Mesela; adam corona oldu ve öldü. Şimdi bu adamı korona mikrobu mu öldürdü, yoksa Allah mı? Öldüren Allah'tır, mikrobun ne haddine Allah demeden bir adam öldürmek... Amma bu dünyada her iş sebeplerle olur. Sana düşen o sebebin üstünde Cenabı Hakk'ın tasarrufunu görmektir. Yoksa sebeplerden korkar ve sebeplere yalvarmaya başlarsın. Bu ise dünya hayatında tam bir Cehennemi vaziyettir. Herkesten ve Herşeyden korkar, her şeye ve herkese dilenci olursun. İyi anla...Allah demeden bir yaprak düşmez. Enam suresi.
***
2151. İslamiyet laf değildir, fiiliyattır.

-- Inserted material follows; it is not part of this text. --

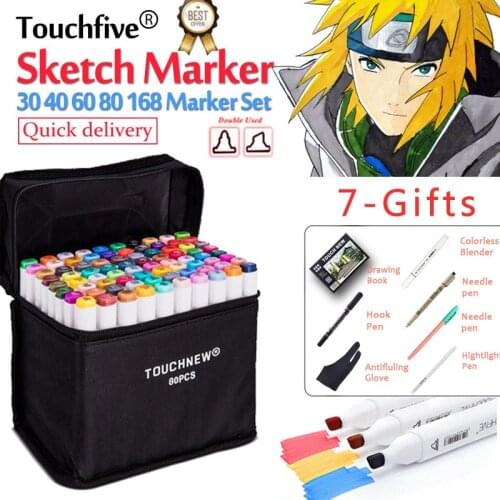 TouchFIVE 36/48/72 Colors Markers Pen Set For School Drawing Manga Animation Design Dual Headed Brush Pen Art Supplies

Hani bazen alacağın var ödeyemiyor, Silivermektir. Bazen kış günü fakir komşunun çocuğu ayakkabısızdır, ayakkabı alıvermektir, bazen komşu odun kömür alamamış, soğukta üşümektedir, ona odun kömür alıvermektir. Bazen sana herkes kızacağını bildiğin halde Hakkı haykırmaktır, zulmeden zalim idareciye karşı çıkıp yüzüne karşı hakkı söylemektir. Asla kimsenin hakkını yememek ile beraber elinden geldiği kadar başkasının hakkını yenmesine engel olmaktır, vesaire vesaire....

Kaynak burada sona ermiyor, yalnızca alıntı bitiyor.